Dr. Ron Brinitzer, Geschäftsführer kunststoffland NRW e.V.:
 "In Zeiten der Krise muss Politik unnötige weitere Belastungen der Wirtschaft vermeiden und durch die richtigen Weichenstellungen Chancen eröffnen."

Dr. Ralf Düssel, Evonik Industries AG:
„Die Chemieindustrie ist essentiell für Europa und Deutschland, damit die Transformation gelingt. Chemie ist der Schlüssel zur Zukunft und unser Rüstzeug für die Sicherung unserer Wettbewerbsfähigkeit.
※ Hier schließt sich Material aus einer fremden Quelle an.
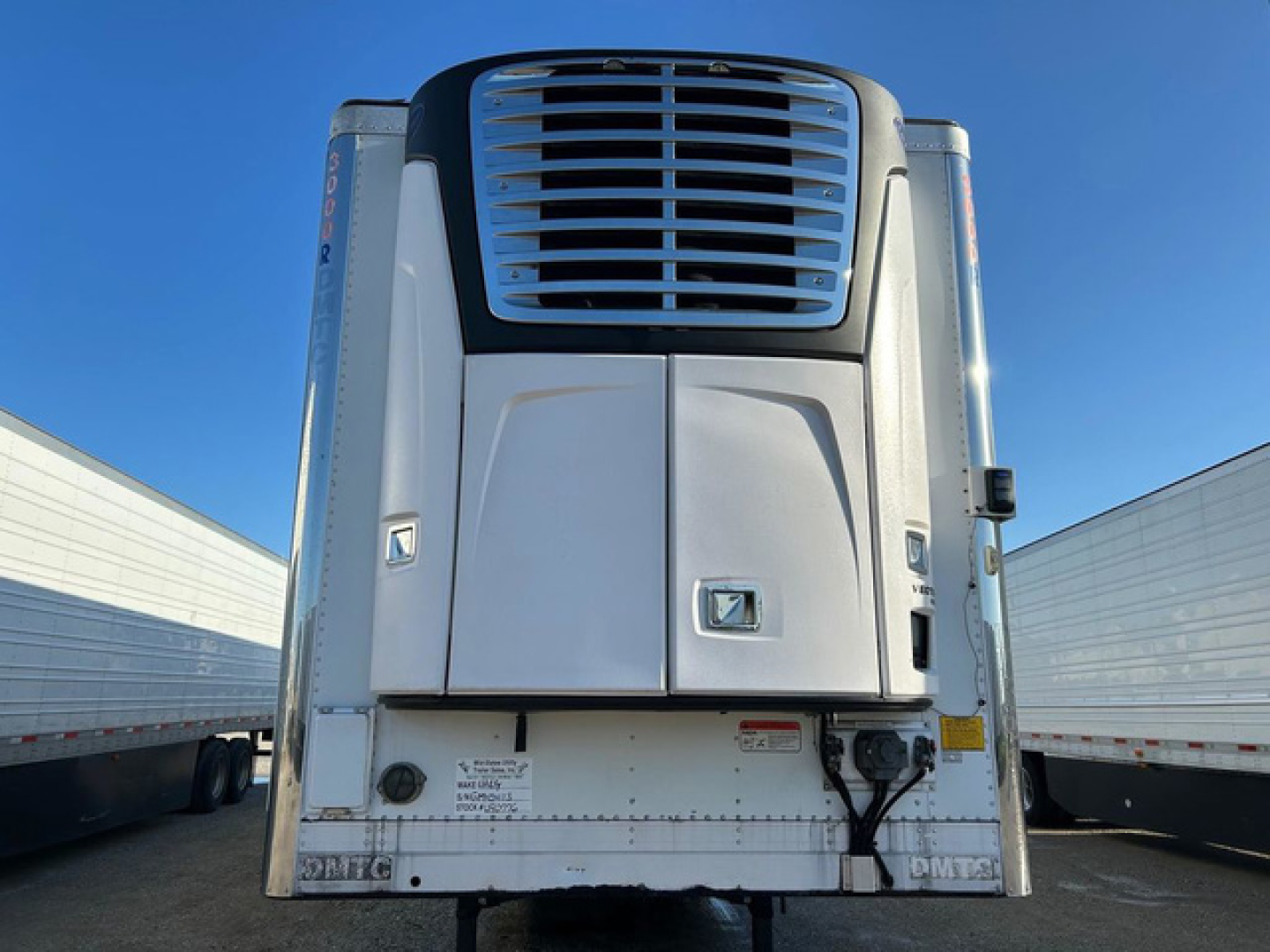 Refrigerated trailer front view showing cooling unit and doors with VIN 1UYVS2538GM454113 and stock U90776.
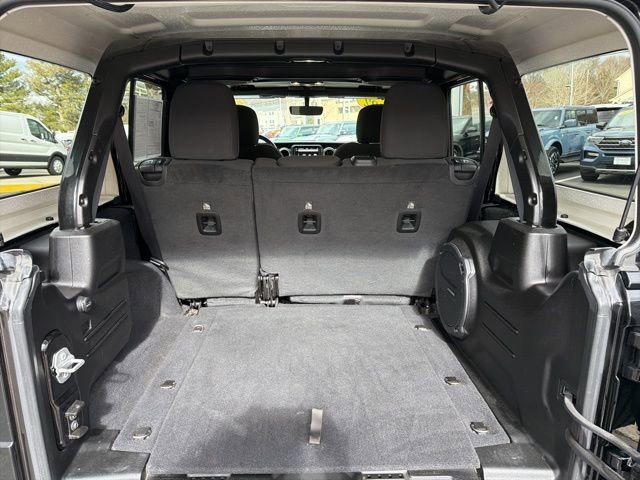 Used 2022 Jeep Wrangler Unlimited Sahara image 25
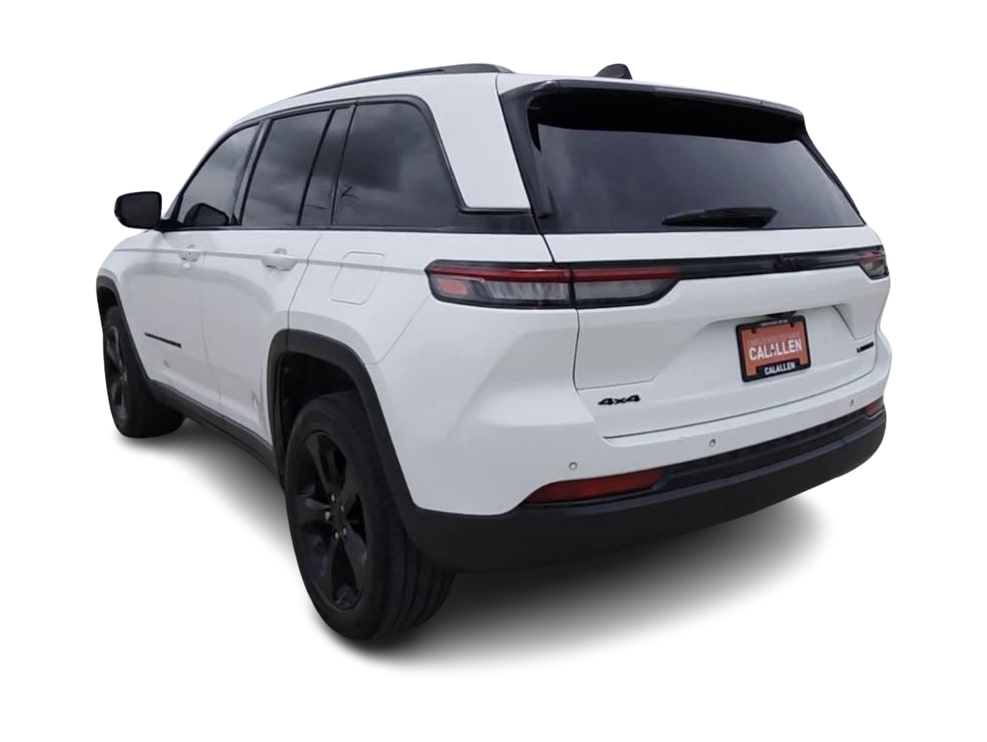 Thumbnail: 2023 Jeep Grand Cherokee - 4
Um der Industrieproduktion in Europa die Klimaneutralität zu ermöglichen, bedarf es innovativer Produkte, die ressourcenschonend, zirkular, umweltfreundlich und nachhaltig sind. Der Green Deal kann auch zum Clean Deal werden,  wenn wir sauberen, grünen Produkten den Weg bereiten. Unsere Branche ist auf Politik und Regulierung angewiesen, die Chancen eröffnet und Optionen gestaltet. Verbote und Bürokratie sind der falsche Weg.“

Arndt Kirchhoff, Vorsitzender des Aufsichtsrats der KIRCHHOFF Gruppe:
"Wir müssen in der Industrie langfristig denken und planen können. Der Ausbau der Infrastruktur für die Transformation ist entscheidend und muss beschleunigt werden. Die aktuelle Politik, die sich auf Verbote stützt und den Markt außer Kraft setzt, verunsichert Unternehmen und Verbraucher gleichermaßen. Wir benötigen einen Politikstil, der auf Technologieoffenheit setzt, Innovationen ermöglicht und den Markt entscheiden lässt, statt ständig einzugreifen. Die Fokussierung sollte auf Infrastrukturausbau, Kostensenkung und Technologieförderung liegen, um eine effektive, technologieoffene und wirtschaftsfreundliche Umweltpolitik zu gestalten."